I’d never even heard of them. This money is for commercial production starting next year. Only 20 MWh, though, for cell phones and such. CEO was employee #7 at Tesla. They list JB Straubel and Kurt Kelty as advisors. BMW partners with them with an early 2020s target.

40% improvement isn’t enough for Roadster, but the Tesla ties are interesting.

What is Tesla’s position on Si-anode batteries? Didn’t they use them only on the 90 kWh packs and then went back to graphite-anode for 100 kWh pack? My understanding is that the 90 kWh packs have durability issues–limited charge rates for Supercharging and Tesla offered a $20K pack upgrade to the P90D owners.

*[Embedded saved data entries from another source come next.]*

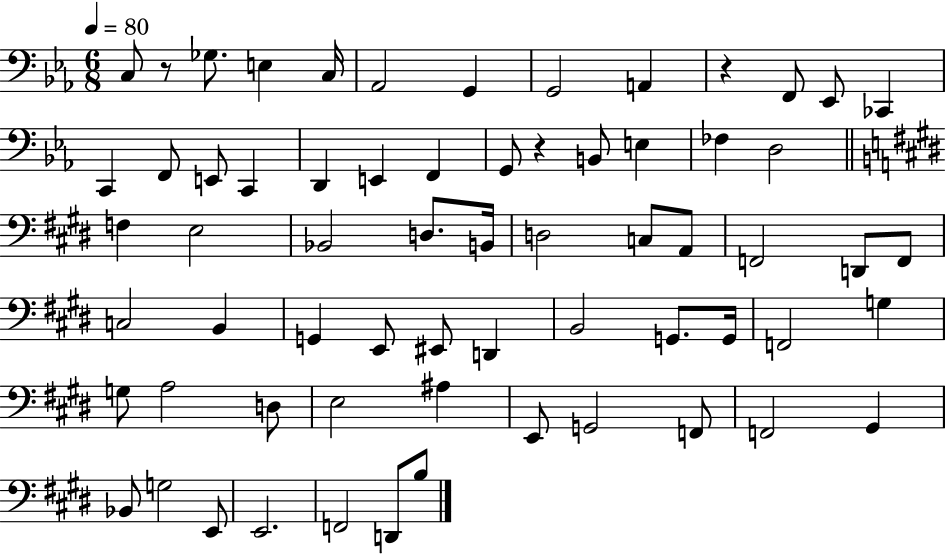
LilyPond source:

{
  \clef bass
  \numericTimeSignature
  \time 6/8
  \key ees \major
  \tempo 4 = 80
  c8 r8 ges8. e4 c16 | aes,2 g,4 | g,2 a,4 | r4 f,8 ees,8 ces,4 | \break c,4 f,8 e,8 c,4 | d,4 e,4 f,4 | g,8 r4 b,8 e4 | fes4 d2 | \break \bar "||" \break \key e \major f4 e2 | bes,2 d8. b,16 | d2 c8 a,8 | f,2 d,8 f,8 | \break c2 b,4 | g,4 e,8 eis,8 d,4 | b,2 g,8. g,16 | f,2 g4 | \break g8 a2 d8 | e2 ais4 | e,8 g,2 f,8 | f,2 gis,4 | \break bes,8 g2 e,8 | e,2. | f,2 d,8 b8 | \bar "|."
}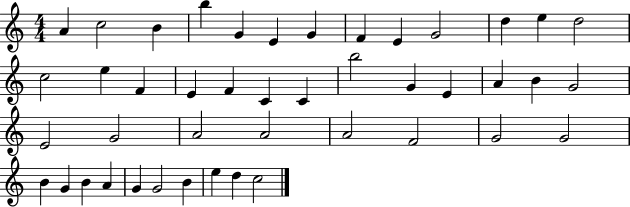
X:1
T:Untitled
M:4/4
L:1/4
K:C
A c2 B b G E G F E G2 d e d2 c2 e F E F C C b2 G E A B G2 E2 G2 A2 A2 A2 F2 G2 G2 B G B A G G2 B e d c2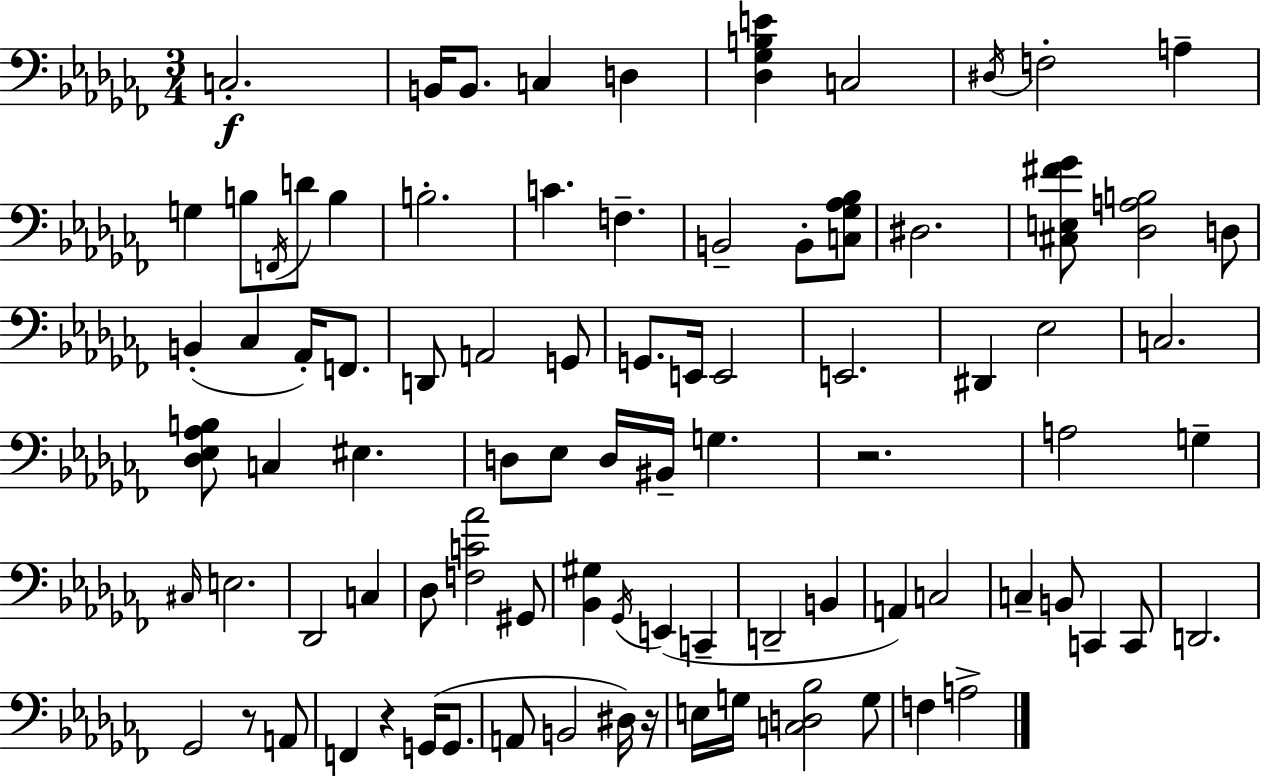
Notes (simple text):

C3/h. B2/s B2/e. C3/q D3/q [Db3,Gb3,B3,E4]/q C3/h D#3/s F3/h A3/q G3/q B3/e F2/s D4/e B3/q B3/h. C4/q. F3/q. B2/h B2/e [C3,Gb3,Ab3,Bb3]/e D#3/h. [C#3,E3,F#4,Gb4]/e [Db3,A3,B3]/h D3/e B2/q CES3/q Ab2/s F2/e. D2/e A2/h G2/e G2/e. E2/s E2/h E2/h. D#2/q Eb3/h C3/h. [Db3,Eb3,Ab3,B3]/e C3/q EIS3/q. D3/e Eb3/e D3/s BIS2/s G3/q. R/h. A3/h G3/q C#3/s E3/h. Db2/h C3/q Db3/e [F3,C4,Ab4]/h G#2/e [Bb2,G#3]/q Gb2/s E2/q C2/q D2/h B2/q A2/q C3/h C3/q B2/e C2/q C2/e D2/h. Gb2/h R/e A2/e F2/q R/q G2/s G2/e. A2/e B2/h D#3/s R/s E3/s G3/s [C3,D3,Bb3]/h G3/e F3/q A3/h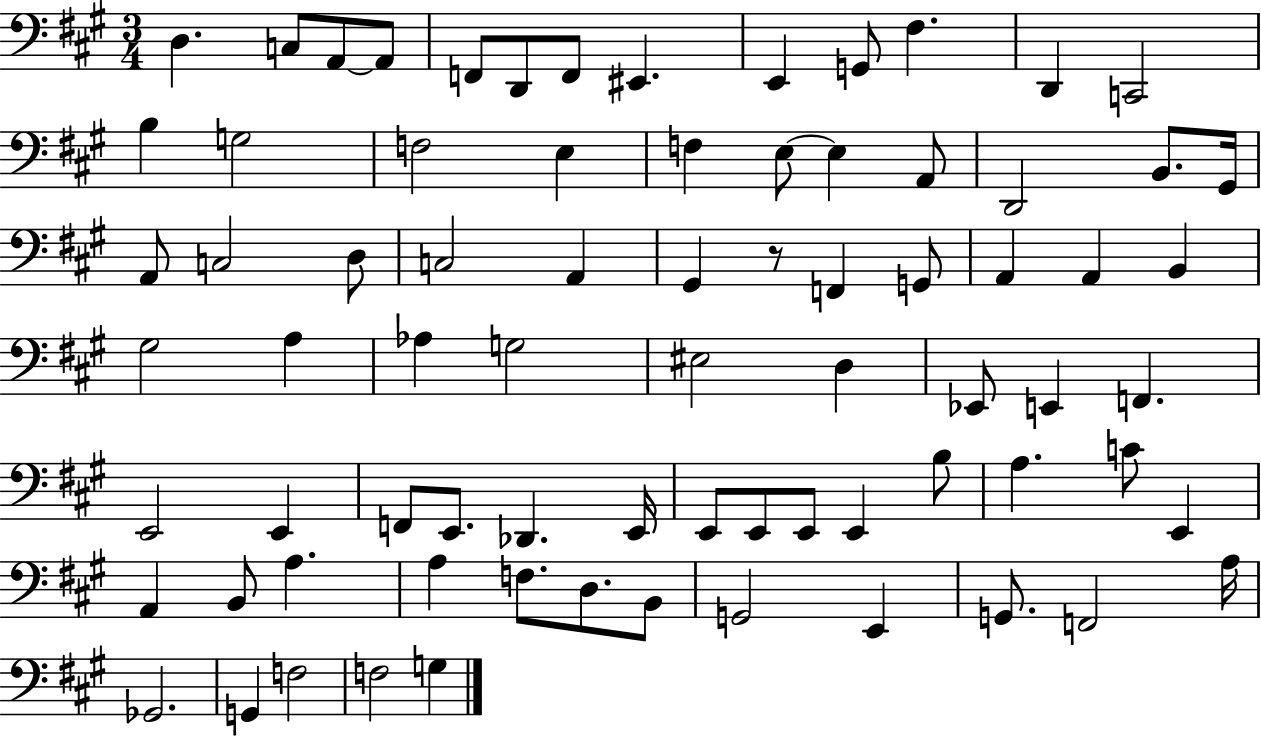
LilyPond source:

{
  \clef bass
  \numericTimeSignature
  \time 3/4
  \key a \major
  d4. c8 a,8~~ a,8 | f,8 d,8 f,8 eis,4. | e,4 g,8 fis4. | d,4 c,2 | \break b4 g2 | f2 e4 | f4 e8~~ e4 a,8 | d,2 b,8. gis,16 | \break a,8 c2 d8 | c2 a,4 | gis,4 r8 f,4 g,8 | a,4 a,4 b,4 | \break gis2 a4 | aes4 g2 | eis2 d4 | ees,8 e,4 f,4. | \break e,2 e,4 | f,8 e,8. des,4. e,16 | e,8 e,8 e,8 e,4 b8 | a4. c'8 e,4 | \break a,4 b,8 a4. | a4 f8. d8. b,8 | g,2 e,4 | g,8. f,2 a16 | \break ges,2. | g,4 f2 | f2 g4 | \bar "|."
}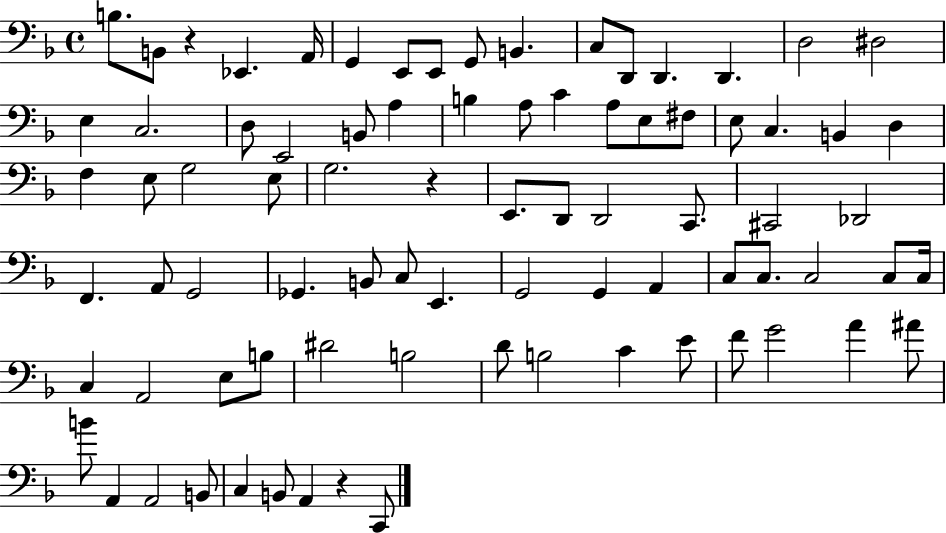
{
  \clef bass
  \time 4/4
  \defaultTimeSignature
  \key f \major
  b8. b,8 r4 ees,4. a,16 | g,4 e,8 e,8 g,8 b,4. | c8 d,8 d,4. d,4. | d2 dis2 | \break e4 c2. | d8 e,2 b,8 a4 | b4 a8 c'4 a8 e8 fis8 | e8 c4. b,4 d4 | \break f4 e8 g2 e8 | g2. r4 | e,8. d,8 d,2 c,8. | cis,2 des,2 | \break f,4. a,8 g,2 | ges,4. b,8 c8 e,4. | g,2 g,4 a,4 | c8 c8. c2 c8 c16 | \break c4 a,2 e8 b8 | dis'2 b2 | d'8 b2 c'4 e'8 | f'8 g'2 a'4 ais'8 | \break b'8 a,4 a,2 b,8 | c4 b,8 a,4 r4 c,8 | \bar "|."
}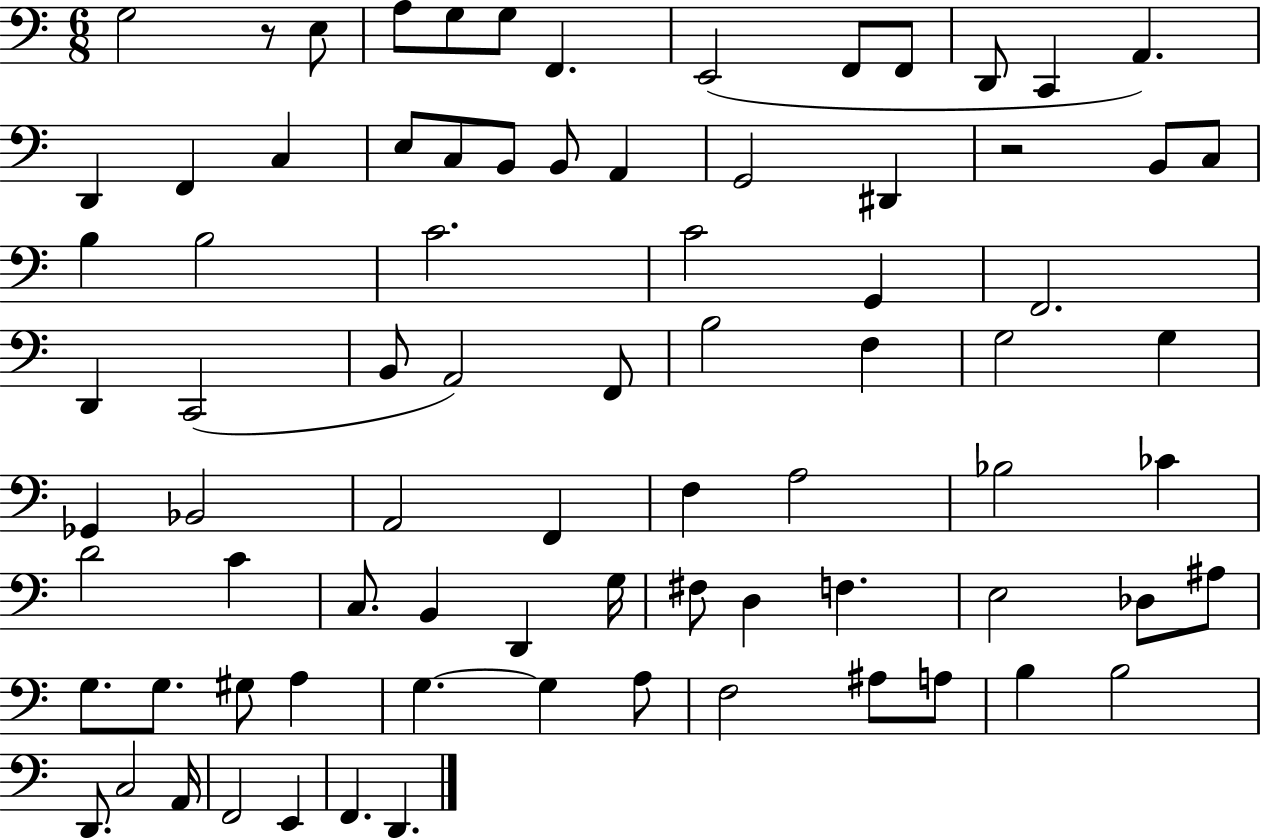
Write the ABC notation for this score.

X:1
T:Untitled
M:6/8
L:1/4
K:C
G,2 z/2 E,/2 A,/2 G,/2 G,/2 F,, E,,2 F,,/2 F,,/2 D,,/2 C,, A,, D,, F,, C, E,/2 C,/2 B,,/2 B,,/2 A,, G,,2 ^D,, z2 B,,/2 C,/2 B, B,2 C2 C2 G,, F,,2 D,, C,,2 B,,/2 A,,2 F,,/2 B,2 F, G,2 G, _G,, _B,,2 A,,2 F,, F, A,2 _B,2 _C D2 C C,/2 B,, D,, G,/4 ^F,/2 D, F, E,2 _D,/2 ^A,/2 G,/2 G,/2 ^G,/2 A, G, G, A,/2 F,2 ^A,/2 A,/2 B, B,2 D,,/2 C,2 A,,/4 F,,2 E,, F,, D,,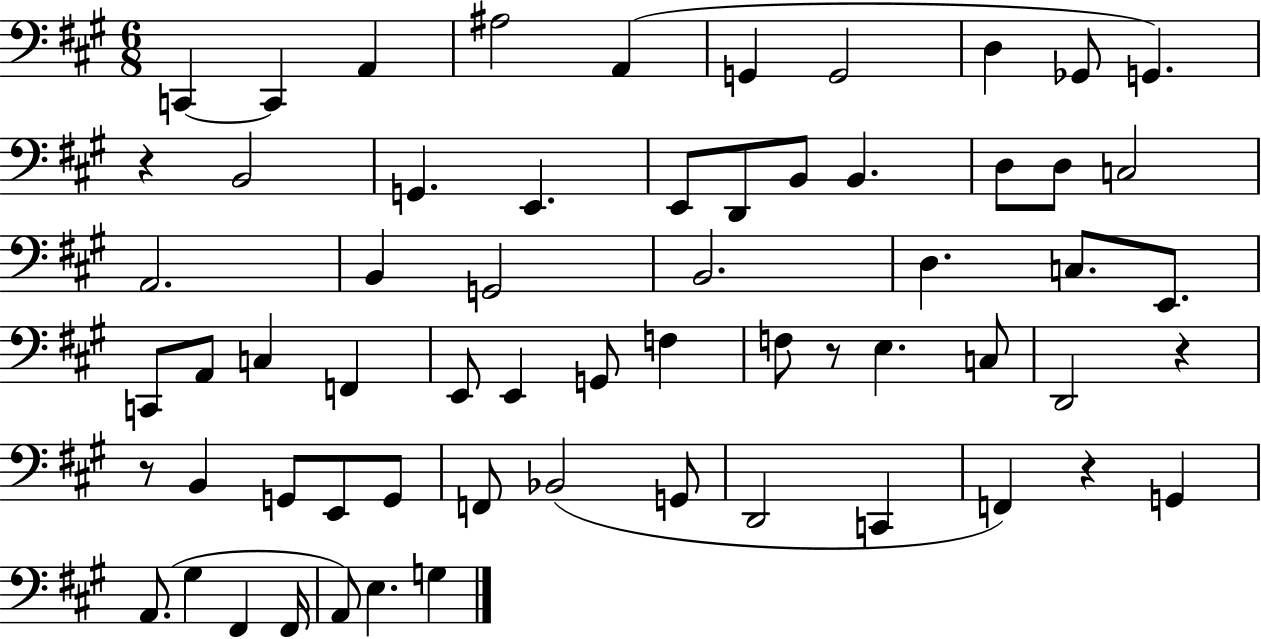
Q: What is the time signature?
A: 6/8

S and X were originally graphite. Panasonic and Tesla both talked about adding silicon to the anode, but it’s not 100% clear they ever did.

Only difference with 100 kWh pack was re-packing the cells and cooling to cram more in there, AFAIK.

According to official statements, they are presently using predominantly graphite anodes with a little silicon; and intend to gradually increase the silicon contents.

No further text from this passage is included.